The gripper is part of a larger body of work by Rus’ lab aimed at showing the value of so-called ‘soft robots’ made of unconventional materials such as silicone, paper, and fibre.

Researchers say that soft robots have a number of advantages over ‘hard’ robots, including the ability to handle irregularly-shaped objects, squeeze into tight spaces, and readily recover from collisions.

However, one downside to their extra flexibility is that they often have difficulty accurately measuring where an object is, or even if they have successfully picked it up at all.

To combat this, the CSAIL team also incorporated ‘bend sensors’ into the design. When the gripper hones in an object, the fingers send back location data based on their curvature. Using this data, the robot can pick up an unknown object and compare it to existing clusters of data points that represent past objects.

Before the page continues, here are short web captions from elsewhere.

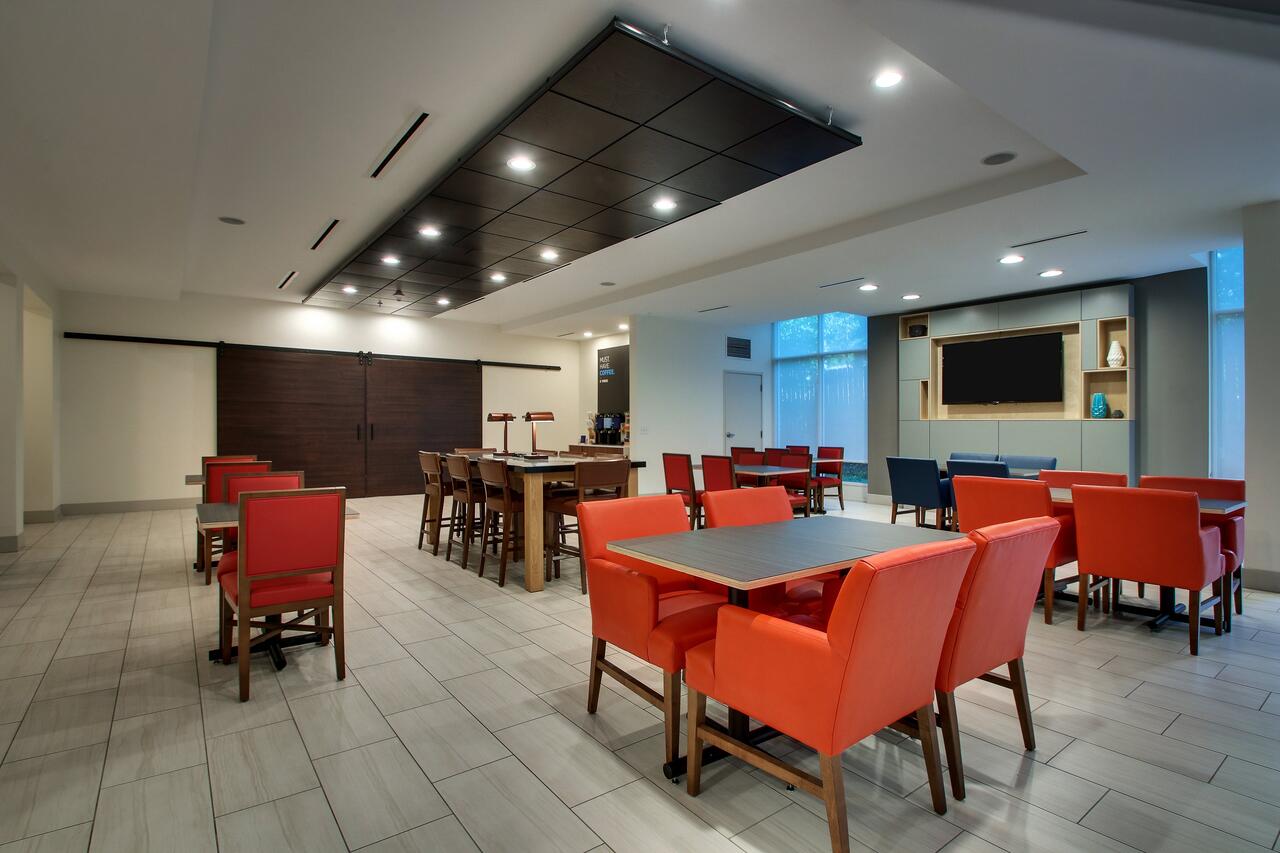 Holiday Inn Express Lexington North-Georgetown
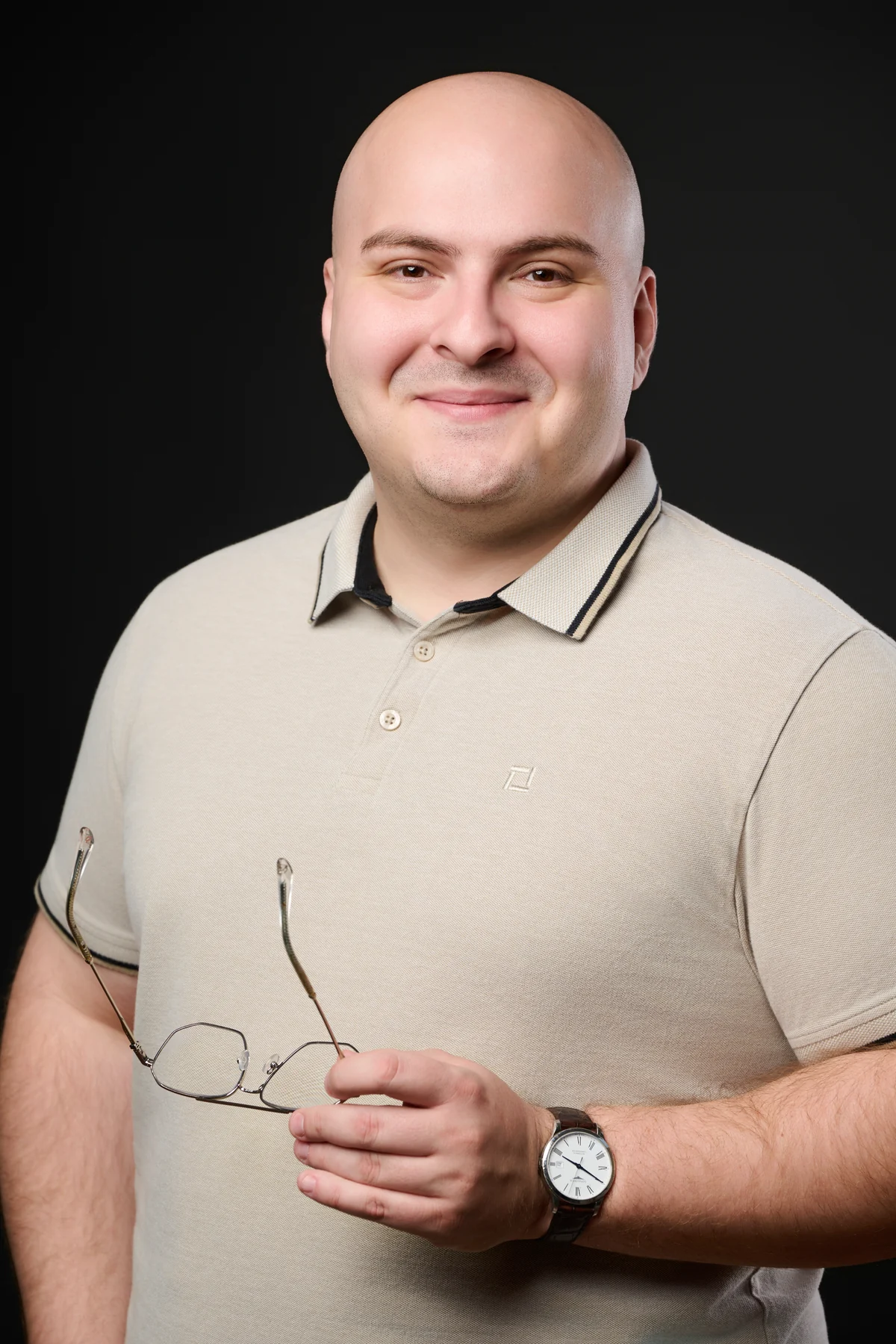 Robert Hergheligiu von MAKE IT WORK mit Brille in der Hand – Ansprechpartner für SharePoint-Lösungen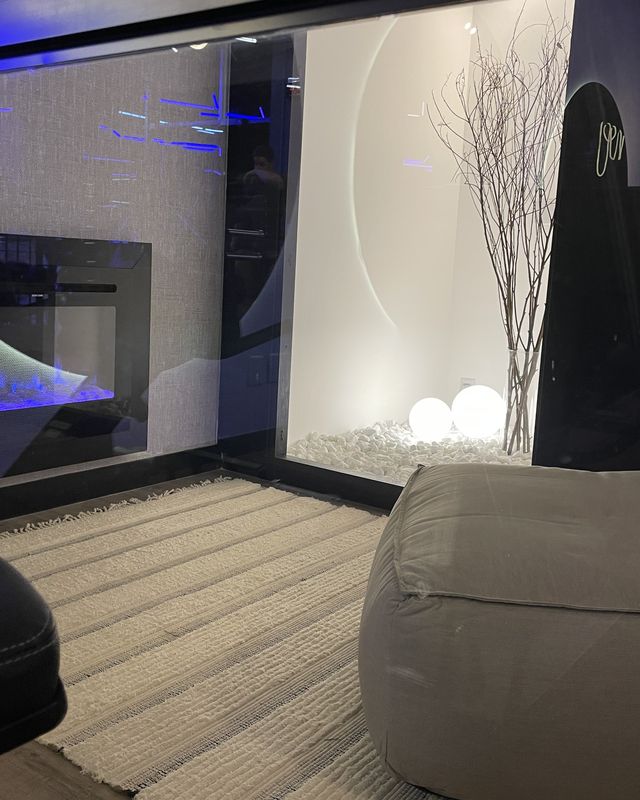 Sala de relaxamento com lareira e puff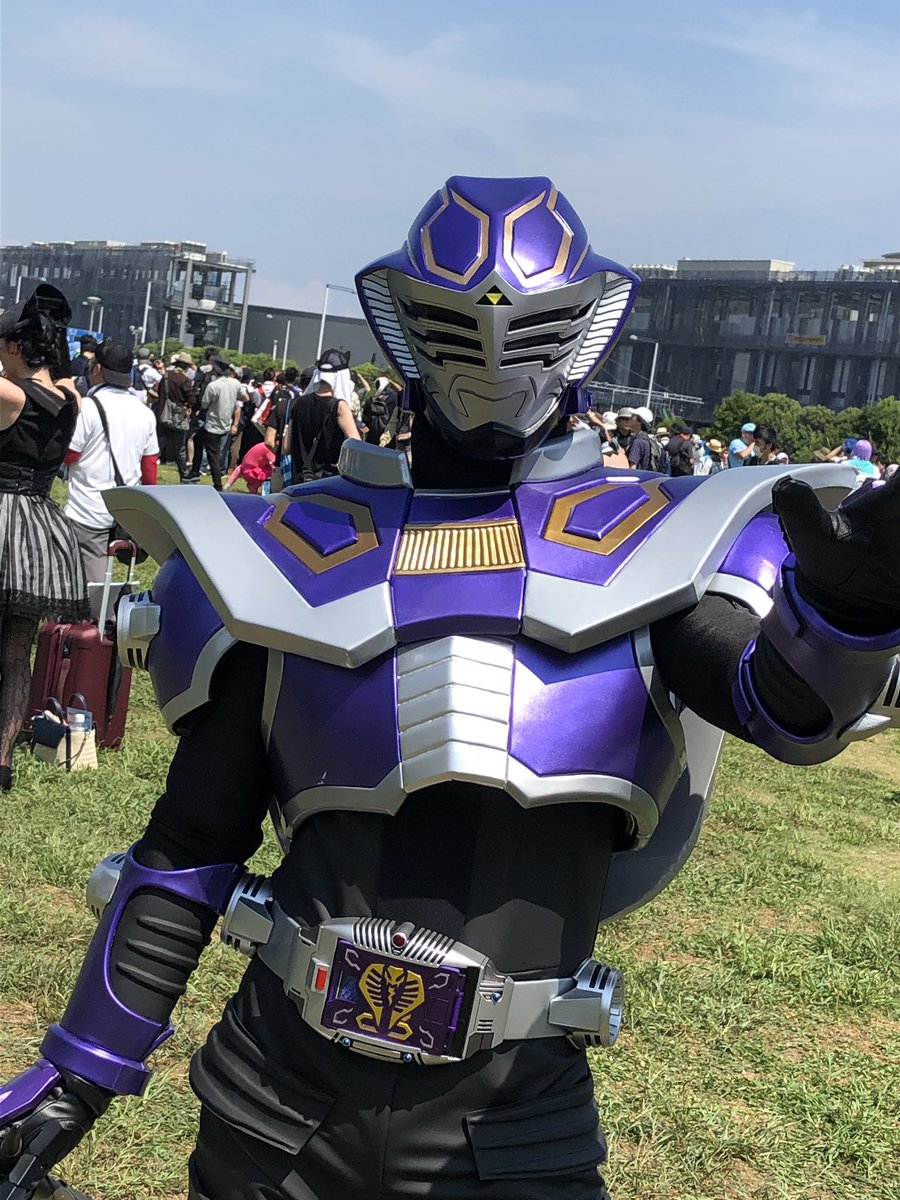 仮面ライダー王蛇 ヘルメット 大人用 着用可能 コスプレ 仮面ライダー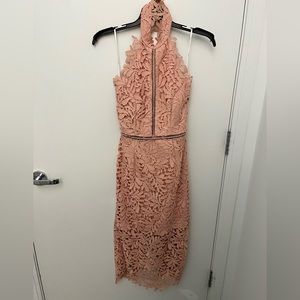Lulus Lace a halter midi Dress pink size small
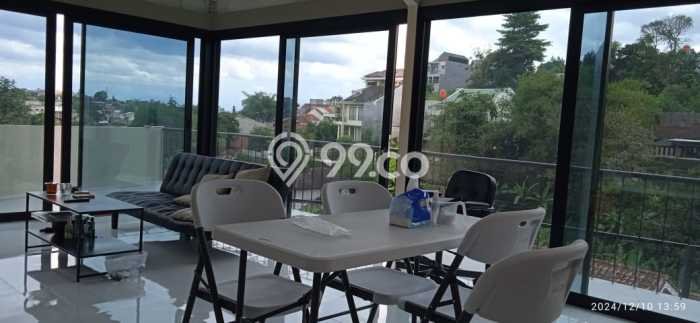 Rumah Eksklusif Siap Huni LT 206m2 di Coblong, Bandung Rumah Eksklusif Siap Huni LT 206m2 di Coblong, Bandung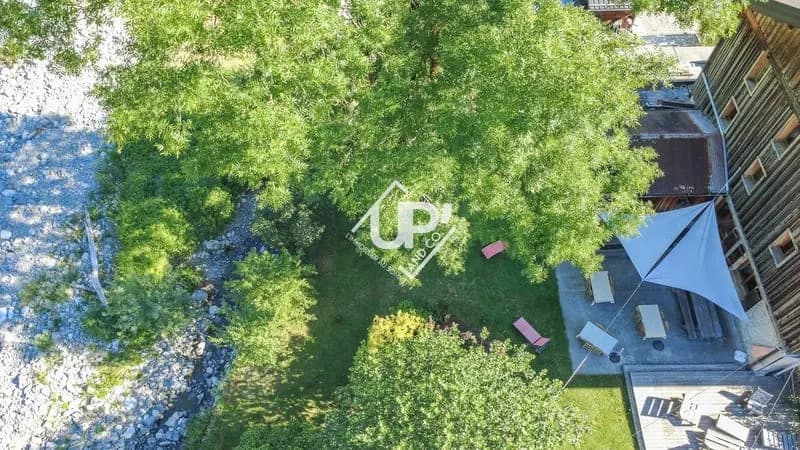 Ensemble immobilier de caractère - Plus de 530 m² au coeur des Aravis - Photo 1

In the future, Rus says the team plans to put more time into improving and adding more sensors that will allow the gripper to identify a wider variety of objects.

“If we want robots in human-centred environments, they need to be more adaptive and able to interact with objects whose shape and placement are not precisely known,” Rus says. “Our dream is to develop a robot that, like a human, can approach an unknown object, big or small, determine its approximate shape and size, and figure out how to interface with it in one seamless motion.”